*WHAT YOU HAVE TO DO*. Each line below from the one containing "2,670/Mo, 1226 W" through the one containing "ผู้บริหาร PEAK และกับคณะอาจารย์คณะพาณิชยศาสตร์และการบัญชี" is to be given again exactly, and no line outside that span.

-- MATERIAL PROVIDED follows --

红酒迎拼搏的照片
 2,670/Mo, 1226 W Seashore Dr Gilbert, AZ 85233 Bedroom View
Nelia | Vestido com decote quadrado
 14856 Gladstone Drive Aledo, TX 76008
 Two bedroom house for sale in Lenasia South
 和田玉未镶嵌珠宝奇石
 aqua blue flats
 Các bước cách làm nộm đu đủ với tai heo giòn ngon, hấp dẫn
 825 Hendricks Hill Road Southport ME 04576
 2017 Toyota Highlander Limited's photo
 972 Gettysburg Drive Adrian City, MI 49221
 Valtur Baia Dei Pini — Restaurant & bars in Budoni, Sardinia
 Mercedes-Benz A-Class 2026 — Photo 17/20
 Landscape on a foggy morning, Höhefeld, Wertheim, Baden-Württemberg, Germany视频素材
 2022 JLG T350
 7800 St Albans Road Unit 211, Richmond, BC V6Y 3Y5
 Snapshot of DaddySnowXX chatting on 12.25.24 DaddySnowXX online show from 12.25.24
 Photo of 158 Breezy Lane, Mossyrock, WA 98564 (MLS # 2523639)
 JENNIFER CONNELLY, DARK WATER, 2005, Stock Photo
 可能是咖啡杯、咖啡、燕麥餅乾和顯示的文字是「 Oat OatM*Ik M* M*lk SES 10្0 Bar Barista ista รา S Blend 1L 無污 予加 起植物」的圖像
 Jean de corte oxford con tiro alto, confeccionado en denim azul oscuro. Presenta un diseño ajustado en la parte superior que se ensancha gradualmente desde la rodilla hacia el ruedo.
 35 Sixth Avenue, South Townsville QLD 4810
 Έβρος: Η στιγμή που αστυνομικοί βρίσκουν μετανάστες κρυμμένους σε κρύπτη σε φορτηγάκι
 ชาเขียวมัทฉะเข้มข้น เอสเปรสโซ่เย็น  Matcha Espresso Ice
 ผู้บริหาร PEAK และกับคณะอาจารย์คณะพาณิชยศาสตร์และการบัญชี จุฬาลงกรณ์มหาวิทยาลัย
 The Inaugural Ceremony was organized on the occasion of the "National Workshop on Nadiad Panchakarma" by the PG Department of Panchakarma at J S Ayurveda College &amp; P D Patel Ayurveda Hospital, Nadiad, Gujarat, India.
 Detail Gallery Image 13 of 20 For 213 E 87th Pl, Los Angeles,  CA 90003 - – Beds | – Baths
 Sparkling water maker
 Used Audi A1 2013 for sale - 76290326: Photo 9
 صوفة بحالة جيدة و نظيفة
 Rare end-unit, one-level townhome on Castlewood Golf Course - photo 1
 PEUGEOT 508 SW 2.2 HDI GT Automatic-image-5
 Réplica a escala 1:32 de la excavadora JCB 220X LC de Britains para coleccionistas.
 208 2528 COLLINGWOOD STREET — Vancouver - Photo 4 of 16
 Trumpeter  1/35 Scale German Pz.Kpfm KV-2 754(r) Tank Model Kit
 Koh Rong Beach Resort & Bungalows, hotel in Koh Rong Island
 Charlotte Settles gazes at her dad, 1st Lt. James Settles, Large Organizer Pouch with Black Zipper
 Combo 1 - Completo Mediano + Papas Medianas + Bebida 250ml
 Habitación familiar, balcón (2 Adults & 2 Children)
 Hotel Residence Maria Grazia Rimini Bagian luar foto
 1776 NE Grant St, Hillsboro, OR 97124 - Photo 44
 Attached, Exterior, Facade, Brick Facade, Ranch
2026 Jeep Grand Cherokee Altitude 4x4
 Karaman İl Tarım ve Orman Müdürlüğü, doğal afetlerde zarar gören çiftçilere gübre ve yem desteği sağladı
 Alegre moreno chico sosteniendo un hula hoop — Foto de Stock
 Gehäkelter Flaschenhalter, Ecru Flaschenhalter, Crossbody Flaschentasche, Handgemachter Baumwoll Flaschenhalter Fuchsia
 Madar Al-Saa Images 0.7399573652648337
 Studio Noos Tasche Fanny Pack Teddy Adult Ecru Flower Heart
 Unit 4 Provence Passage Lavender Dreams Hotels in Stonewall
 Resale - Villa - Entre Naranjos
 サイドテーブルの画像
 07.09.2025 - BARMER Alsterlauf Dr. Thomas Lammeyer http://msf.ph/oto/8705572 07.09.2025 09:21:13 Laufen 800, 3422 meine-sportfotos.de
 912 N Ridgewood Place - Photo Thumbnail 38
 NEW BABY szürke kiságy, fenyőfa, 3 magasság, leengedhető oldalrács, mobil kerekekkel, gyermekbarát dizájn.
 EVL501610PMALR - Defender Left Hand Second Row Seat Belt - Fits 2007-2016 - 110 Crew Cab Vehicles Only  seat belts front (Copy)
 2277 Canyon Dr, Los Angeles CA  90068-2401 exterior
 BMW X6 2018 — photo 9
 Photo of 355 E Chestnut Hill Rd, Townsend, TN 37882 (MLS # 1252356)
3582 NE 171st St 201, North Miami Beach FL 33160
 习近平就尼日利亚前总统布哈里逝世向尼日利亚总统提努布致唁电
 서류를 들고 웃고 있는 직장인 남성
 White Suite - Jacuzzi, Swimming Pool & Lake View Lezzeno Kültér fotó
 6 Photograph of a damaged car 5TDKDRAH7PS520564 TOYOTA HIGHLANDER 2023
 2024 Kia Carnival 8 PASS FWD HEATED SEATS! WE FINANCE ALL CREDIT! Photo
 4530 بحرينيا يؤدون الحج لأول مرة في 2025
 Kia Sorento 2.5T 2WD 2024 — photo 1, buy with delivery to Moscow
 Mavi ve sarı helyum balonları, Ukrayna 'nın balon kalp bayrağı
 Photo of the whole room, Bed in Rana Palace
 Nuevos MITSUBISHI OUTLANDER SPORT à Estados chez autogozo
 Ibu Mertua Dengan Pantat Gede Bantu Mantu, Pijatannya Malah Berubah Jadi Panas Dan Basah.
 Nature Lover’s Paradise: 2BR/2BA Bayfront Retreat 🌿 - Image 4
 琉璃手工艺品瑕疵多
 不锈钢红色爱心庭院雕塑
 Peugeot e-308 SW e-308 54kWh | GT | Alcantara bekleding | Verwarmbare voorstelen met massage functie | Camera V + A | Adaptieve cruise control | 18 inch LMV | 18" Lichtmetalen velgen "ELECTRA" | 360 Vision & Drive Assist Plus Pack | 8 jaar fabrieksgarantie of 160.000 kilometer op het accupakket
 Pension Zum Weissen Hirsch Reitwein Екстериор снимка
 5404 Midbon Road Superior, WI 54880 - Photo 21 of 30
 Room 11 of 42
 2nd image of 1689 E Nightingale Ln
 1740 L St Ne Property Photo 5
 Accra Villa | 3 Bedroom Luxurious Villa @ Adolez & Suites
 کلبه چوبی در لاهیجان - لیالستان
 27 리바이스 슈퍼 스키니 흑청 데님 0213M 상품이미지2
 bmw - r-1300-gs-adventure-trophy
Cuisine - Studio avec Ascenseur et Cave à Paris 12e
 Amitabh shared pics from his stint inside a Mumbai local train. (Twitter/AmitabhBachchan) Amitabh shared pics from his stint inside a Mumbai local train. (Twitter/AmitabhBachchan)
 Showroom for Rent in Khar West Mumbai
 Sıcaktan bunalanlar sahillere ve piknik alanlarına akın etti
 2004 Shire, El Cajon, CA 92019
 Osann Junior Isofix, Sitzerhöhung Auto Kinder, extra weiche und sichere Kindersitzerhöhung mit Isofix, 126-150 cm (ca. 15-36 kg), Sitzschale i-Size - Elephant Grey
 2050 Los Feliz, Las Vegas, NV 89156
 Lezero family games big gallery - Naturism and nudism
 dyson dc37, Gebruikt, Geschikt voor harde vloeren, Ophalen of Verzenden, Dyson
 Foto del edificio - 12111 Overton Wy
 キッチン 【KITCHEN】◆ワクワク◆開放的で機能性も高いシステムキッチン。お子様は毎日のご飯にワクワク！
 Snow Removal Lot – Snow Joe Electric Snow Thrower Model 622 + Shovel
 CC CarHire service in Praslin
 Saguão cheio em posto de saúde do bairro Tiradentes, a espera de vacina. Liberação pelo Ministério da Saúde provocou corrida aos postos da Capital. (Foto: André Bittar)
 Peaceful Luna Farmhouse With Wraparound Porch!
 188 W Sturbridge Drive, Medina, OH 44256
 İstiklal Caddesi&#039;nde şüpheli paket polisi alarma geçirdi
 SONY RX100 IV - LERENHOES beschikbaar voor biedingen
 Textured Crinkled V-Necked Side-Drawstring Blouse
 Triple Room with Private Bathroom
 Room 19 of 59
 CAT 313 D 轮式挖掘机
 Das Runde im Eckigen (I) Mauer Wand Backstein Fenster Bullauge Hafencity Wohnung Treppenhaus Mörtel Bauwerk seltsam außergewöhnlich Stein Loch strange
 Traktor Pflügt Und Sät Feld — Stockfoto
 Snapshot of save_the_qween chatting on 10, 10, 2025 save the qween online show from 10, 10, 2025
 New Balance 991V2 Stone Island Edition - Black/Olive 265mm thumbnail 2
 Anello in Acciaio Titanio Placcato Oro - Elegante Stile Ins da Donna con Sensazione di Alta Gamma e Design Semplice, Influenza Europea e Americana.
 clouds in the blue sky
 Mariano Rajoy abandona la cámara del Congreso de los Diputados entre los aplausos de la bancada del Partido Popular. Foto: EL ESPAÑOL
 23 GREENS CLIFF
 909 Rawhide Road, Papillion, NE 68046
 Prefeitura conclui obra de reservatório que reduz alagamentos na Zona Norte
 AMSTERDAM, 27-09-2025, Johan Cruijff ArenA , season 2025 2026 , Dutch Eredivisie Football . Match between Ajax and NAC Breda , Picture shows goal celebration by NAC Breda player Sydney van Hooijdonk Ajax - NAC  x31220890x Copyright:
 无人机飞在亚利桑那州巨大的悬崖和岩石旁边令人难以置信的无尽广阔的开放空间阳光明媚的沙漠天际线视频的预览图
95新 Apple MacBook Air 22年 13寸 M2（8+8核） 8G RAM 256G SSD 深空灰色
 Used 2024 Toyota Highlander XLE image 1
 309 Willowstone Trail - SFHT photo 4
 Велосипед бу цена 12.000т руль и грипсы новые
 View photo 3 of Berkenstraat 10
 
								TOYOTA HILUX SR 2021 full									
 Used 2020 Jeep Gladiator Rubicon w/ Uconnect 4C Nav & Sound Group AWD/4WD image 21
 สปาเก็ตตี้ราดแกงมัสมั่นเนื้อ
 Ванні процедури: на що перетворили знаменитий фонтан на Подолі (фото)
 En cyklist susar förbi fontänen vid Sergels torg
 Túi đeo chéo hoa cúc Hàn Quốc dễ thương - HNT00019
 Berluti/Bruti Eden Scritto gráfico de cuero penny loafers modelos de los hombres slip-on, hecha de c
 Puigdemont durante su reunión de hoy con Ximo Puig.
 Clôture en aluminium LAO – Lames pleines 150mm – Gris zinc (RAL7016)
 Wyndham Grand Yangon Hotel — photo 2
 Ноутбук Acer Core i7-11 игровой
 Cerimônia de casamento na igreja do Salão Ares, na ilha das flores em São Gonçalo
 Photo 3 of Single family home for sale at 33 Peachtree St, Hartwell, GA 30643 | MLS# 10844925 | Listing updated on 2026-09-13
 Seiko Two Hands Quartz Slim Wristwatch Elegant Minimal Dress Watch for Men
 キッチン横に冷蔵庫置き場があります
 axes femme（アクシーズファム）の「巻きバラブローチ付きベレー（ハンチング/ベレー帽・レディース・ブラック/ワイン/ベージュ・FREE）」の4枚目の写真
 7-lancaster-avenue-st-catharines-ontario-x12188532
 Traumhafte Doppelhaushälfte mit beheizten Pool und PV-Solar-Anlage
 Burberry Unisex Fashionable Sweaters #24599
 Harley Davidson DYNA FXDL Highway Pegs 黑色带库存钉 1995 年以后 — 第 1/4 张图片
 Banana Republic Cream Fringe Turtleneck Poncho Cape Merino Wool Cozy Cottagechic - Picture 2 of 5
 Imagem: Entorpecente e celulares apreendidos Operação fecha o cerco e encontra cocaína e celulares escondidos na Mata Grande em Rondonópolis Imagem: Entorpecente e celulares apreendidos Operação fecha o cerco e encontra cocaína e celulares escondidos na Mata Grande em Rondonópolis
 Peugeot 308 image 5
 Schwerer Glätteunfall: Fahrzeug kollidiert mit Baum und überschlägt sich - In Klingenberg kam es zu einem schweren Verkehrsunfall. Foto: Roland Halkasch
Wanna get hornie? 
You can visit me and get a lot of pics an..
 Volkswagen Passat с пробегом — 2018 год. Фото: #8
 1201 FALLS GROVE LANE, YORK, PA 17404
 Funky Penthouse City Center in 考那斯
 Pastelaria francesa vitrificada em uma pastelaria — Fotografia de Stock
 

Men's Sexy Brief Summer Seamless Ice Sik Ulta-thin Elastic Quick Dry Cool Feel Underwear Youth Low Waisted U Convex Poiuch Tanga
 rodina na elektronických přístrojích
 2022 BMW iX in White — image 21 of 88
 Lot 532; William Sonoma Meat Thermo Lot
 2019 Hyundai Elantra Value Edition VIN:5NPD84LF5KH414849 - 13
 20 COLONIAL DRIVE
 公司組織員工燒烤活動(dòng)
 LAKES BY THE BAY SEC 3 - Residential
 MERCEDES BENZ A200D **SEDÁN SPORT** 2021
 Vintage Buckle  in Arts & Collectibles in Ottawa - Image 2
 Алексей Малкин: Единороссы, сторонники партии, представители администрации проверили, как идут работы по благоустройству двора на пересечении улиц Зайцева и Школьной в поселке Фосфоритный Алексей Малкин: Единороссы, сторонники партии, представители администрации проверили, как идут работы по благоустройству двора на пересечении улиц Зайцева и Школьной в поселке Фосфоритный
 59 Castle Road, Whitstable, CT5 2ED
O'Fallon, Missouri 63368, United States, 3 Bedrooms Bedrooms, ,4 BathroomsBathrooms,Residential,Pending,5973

-- MATERIAL PROVIDED concluded --

*TASK ANSWER*.
 2,670/Mo, 1226 W Seashore Dr Gilbert, AZ 85233 Bedroom View
Nelia | Vestido com decote quadrado
 14856 Gladstone Drive Aledo, TX 76008
 Two bedroom house for sale in Lenasia South
 和田玉未镶嵌珠宝奇石
 aqua blue flats
 Các bước cách làm nộm đu đủ với tai heo giòn ngon, hấp dẫn
 825 Hendricks Hill Road Southport ME 04576
 2017 Toyota Highlander Limited's photo
 972 Gettysburg Drive Adrian City, MI 49221
 Valtur Baia Dei Pini — Restaurant & bars in Budoni, Sardinia
 Mercedes-Benz A-Class 2026 — Photo 17/20
 Landscape on a foggy morning, Höhefeld, Wertheim, Baden-Württemberg, Germany视频素材
 2022 JLG T350
 7800 St Albans Road Unit 211, Richmond, BC V6Y 3Y5
 Snapshot of DaddySnowXX chatting on 12.25.24 DaddySnowXX online show from 12.25.24
 Photo of 158 Breezy Lane, Mossyrock, WA 98564 (MLS # 2523639)
 JENNIFER CONNELLY, DARK WATER, 2005, Stock Photo
 可能是咖啡杯、咖啡、燕麥餅乾和顯示的文字是「 Oat OatM*Ik M* M*lk SES 10្0 Bar Barista ista รา S Blend 1L 無污 予加 起植物」的圖像
 Jean de corte oxford con tiro alto, confeccionado en denim azul oscuro. Presenta un diseño ajustado en la parte superior que se ensancha gradualmente desde la rodilla hacia el ruedo.
 35 Sixth Avenue, South Townsville QLD 4810
 Έβρος: Η στιγμή που αστυνομικοί βρίσκουν μετανάστες κρυμμένους σε κρύπτη σε φορτηγάκι
 ชาเขียวมัทฉะเข้มข้น เอสเปรสโซ่เย็น  Matcha Espresso Ice
 ผู้บริหาร PEAK และกับคณะอาจารย์คณะพาณิชยศาสตร์และการบัญชี จุฬาลงกรณ์มหาวิทยาลัย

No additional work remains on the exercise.